This dissertation examines the social functions of translation in Egypt from the Middle Kingdom through the Roman Period (ca. 2000 BCE-200 CE), focusing on the practice of translating texts from earlier into later phases of the Egyptian language. There are two main objectives for this study. First, I determine how translation developed, and second, I investigate how the practice of translation in Egyptian society changed over time. I accomplish this by situating the translations, which form the basis of my textual analysis, within their social contexts. This research establishes that translation was a part of a tradition of Egyptian interpretive processes, offers evidence for the continued social prestige of translation as an intellectual ability from the Pharaonic to Roman Periods, and contributes to the discussion of how broader linguistic developments affected the social use of language in Egypt.
In order to prove that there was a progression from interpretation to translation, I begin by analyzing the earliest attestations of Egyptian textual commentary from the Middle Kingdom. Then I compare those techniques to the ones found in translated texts of the Third Intermediate Period and later. I illustrate how the increased specialization of the traditional Middle Egyptian language after the New Kingdom led to the adoption of translation as a means of textual interpretation.
From the repeated attestations of interpreting in the biographies of high-ranking officials from Pharaonic Egypt, I conclude that Egyptians were interested in highlighting their intellectual aptitude as part of their elite identity.
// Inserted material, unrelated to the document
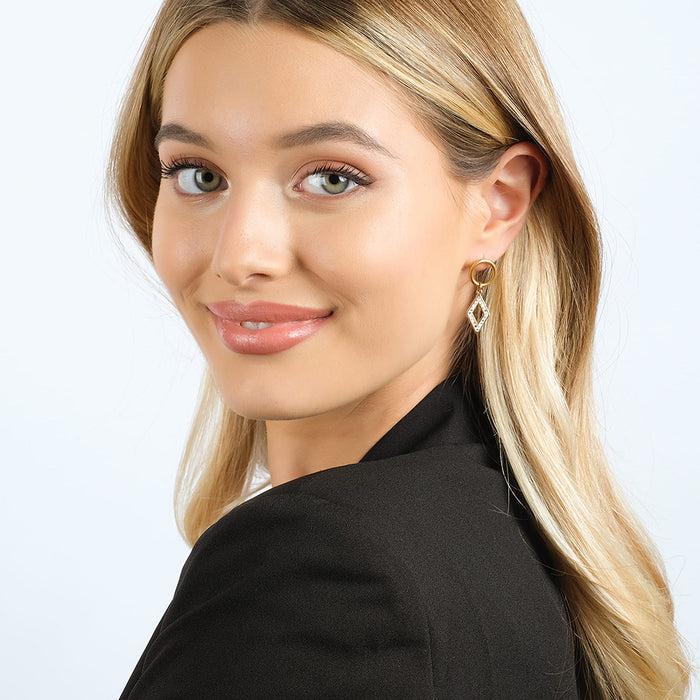 BOUCLES D'OREILLES FEMME EN ACIER AVEC CRISTAUX BLANCS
Educated scribes who were invested in transmitting and explaining complex texts thus valued translation as an scholarly pursuit, as it guaranteed that important ritual texts remained understandable to the general population over time.
Following the spread of Greek-Egyptian multilingualism from the Late Period onward, I contend that translation became an important feature of daily life and its function expanded beyond interpretation. By comparing the bilingual Rhind papyri and the Ptolemaic trilingual decrees, I argue that Middle Egyptian and its associated scripts were adopted alongside contemporary Demotic to invoke the religious and political authority of traditional Egyptian culture during the Ptolemaic Period.